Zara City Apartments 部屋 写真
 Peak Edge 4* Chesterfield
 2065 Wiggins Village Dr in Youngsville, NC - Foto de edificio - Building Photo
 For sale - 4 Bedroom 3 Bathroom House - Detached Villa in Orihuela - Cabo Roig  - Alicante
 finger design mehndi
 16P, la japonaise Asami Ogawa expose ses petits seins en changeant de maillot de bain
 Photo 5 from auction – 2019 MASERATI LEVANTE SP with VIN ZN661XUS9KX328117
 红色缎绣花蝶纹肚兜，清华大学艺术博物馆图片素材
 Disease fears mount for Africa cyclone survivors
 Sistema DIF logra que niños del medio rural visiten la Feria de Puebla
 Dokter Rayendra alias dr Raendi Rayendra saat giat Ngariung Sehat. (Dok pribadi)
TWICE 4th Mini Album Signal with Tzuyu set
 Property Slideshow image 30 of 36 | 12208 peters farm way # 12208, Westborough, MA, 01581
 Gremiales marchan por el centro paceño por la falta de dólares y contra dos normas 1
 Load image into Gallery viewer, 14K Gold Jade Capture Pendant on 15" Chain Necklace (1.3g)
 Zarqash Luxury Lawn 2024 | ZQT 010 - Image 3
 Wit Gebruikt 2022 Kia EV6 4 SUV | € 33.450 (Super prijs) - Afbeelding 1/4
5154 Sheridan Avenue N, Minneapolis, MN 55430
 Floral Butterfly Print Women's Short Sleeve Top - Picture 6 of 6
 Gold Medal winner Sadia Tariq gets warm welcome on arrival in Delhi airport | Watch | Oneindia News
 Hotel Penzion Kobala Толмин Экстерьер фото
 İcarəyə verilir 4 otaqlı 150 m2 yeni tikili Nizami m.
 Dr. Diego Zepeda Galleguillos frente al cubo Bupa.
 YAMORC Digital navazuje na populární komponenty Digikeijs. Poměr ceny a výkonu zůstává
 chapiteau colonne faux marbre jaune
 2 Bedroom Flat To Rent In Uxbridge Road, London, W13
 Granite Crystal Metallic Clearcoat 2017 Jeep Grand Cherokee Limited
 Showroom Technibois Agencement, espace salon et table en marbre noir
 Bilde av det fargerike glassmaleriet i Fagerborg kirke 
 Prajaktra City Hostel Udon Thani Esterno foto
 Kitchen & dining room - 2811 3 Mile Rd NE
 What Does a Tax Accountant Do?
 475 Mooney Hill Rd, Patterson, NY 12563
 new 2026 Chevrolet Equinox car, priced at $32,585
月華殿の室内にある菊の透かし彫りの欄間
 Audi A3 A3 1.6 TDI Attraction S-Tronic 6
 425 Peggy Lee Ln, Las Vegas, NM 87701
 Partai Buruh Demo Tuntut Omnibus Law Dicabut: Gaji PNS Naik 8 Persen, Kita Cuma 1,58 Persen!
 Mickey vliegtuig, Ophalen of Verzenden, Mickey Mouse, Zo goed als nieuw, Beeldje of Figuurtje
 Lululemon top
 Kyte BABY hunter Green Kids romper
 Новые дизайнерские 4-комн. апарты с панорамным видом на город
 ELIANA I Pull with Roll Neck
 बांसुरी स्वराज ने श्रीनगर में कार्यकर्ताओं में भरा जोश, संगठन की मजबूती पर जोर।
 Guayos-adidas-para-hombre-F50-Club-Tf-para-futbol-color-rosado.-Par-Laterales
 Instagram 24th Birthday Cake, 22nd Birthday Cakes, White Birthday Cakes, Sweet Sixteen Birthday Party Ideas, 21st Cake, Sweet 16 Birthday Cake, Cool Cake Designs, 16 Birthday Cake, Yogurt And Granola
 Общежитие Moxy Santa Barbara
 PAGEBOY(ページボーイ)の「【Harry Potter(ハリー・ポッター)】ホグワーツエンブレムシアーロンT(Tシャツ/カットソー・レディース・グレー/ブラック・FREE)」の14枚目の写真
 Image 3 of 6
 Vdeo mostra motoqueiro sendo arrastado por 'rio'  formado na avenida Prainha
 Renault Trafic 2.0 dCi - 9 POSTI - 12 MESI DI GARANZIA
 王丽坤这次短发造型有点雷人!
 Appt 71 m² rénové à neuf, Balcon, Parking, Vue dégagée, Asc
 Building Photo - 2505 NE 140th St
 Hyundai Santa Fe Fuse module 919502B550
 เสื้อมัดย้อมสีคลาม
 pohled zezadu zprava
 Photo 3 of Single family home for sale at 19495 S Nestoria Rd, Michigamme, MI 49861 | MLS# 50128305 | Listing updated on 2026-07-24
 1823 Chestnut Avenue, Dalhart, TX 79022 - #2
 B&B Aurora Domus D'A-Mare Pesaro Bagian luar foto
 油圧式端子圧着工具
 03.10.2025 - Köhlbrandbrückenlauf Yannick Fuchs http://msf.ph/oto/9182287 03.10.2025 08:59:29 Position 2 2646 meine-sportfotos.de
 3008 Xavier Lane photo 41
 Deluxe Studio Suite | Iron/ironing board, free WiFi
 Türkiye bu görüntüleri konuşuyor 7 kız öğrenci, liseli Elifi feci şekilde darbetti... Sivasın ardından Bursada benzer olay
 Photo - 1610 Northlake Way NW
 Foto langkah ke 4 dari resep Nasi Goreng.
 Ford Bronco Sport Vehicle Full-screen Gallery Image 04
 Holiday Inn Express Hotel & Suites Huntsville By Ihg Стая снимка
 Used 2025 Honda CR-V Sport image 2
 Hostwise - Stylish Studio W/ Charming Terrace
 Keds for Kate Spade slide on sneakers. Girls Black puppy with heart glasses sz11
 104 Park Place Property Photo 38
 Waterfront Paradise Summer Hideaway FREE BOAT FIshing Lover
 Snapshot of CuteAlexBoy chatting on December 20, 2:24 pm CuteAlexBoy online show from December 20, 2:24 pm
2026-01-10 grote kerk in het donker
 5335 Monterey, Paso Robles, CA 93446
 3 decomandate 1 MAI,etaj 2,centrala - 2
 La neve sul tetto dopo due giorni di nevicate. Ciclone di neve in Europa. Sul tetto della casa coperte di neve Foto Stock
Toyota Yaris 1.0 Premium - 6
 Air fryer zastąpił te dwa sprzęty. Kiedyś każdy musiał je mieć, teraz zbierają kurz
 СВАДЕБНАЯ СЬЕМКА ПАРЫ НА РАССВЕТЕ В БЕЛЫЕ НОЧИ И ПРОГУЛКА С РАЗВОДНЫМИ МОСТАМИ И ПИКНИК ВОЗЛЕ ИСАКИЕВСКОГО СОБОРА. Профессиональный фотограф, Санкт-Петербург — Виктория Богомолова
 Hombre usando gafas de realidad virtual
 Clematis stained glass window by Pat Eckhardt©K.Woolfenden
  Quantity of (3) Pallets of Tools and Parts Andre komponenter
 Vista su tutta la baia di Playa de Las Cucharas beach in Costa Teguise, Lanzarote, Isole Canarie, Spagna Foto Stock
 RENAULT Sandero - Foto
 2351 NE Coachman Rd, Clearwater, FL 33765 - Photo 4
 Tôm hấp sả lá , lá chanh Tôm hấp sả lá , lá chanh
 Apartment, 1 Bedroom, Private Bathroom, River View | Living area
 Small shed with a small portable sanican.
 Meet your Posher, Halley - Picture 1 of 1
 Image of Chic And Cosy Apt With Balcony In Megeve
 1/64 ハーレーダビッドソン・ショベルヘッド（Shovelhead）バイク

· · · · ·

Repeat exactly the lines of the listing above, from the one with "Общежитие Moxy Santa Barbara" down to the one with "pohled zezadu zprava"; both of those lines belong in the range.

 Общежитие Moxy Santa Barbara
 PAGEBOY(ページボーイ)の「【Harry Potter(ハリー・ポッター)】ホグワーツエンブレムシアーロンT(Tシャツ/カットソー・レディース・グレー/ブラック・FREE)」の14枚目の写真
 Image 3 of 6
 Vdeo mostra motoqueiro sendo arrastado por 'rio'  formado na avenida Prainha
 Renault Trafic 2.0 dCi - 9 POSTI - 12 MESI DI GARANZIA
 王丽坤这次短发造型有点雷人!
 Appt 71 m² rénové à neuf, Balcon, Parking, Vue dégagée, Asc
 Building Photo - 2505 NE 140th St
 Hyundai Santa Fe Fuse module 919502B550
 เสื้อมัดย้อมสีคลาม
 pohled zezadu zprava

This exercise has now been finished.